Mohammed Sadiki : « Le SIAM est aujourd’hui le premier salon en Afrique et l’un des plus importants au monde »

Mohammed Sadiki est le mieux placé pour parler du rôle joué par le Plan Maroc Vert et la nouvelle stratégie «Génération Green» dans la transformation et le développement de ce secteur. Dans cette grande interview, le ministre de l’Agriculture, de la Pêche maritime, du Développement rural, des Eaux et Forêts, fait le point sur la situation de l’agriculture marocaine.

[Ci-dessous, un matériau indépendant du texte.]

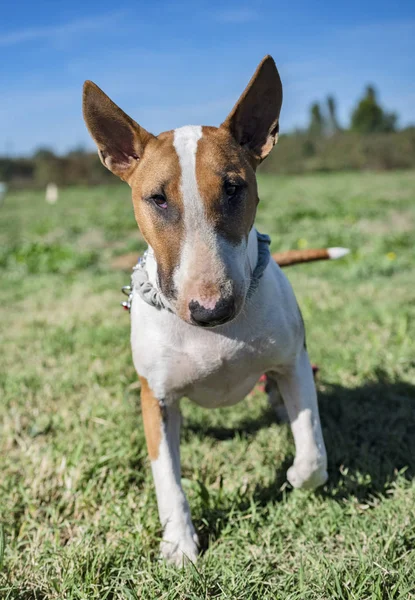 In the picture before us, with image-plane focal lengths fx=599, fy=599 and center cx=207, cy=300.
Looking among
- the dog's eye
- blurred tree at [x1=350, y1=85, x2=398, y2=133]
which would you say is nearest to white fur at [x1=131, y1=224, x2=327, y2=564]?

Challenge : Lancé en 2020, les trois premières années du déploiement de Génération Green 2020-2030 ont coïncidé avec la crise sanitaire de Covid-19. Où en est-on de ce programme ?
Mohammed Sadiki :
Face à la crise sanitaire due au Covid-19, de par le monde, l’agriculture s’est imposée comme secteur stratégique et prioritaire. Le contexte de la polycrise due à la pandémie combinée à deux années consécutives de sécheresse, plus l’inflation issue de la guerre entre la Russie et l’Ukraine, a constitué un grand défi de résilience auquel le secteur agricole a été confronté ces dernières années. Pourtant, le Royaume a pu assurer la poursuite des activités agricoles et agroalimentaires qui ont permis d’approvisionner le pays avec des produits de bonne qualité et une offre suffisante et diversifiée notamment pendant la période de confinement.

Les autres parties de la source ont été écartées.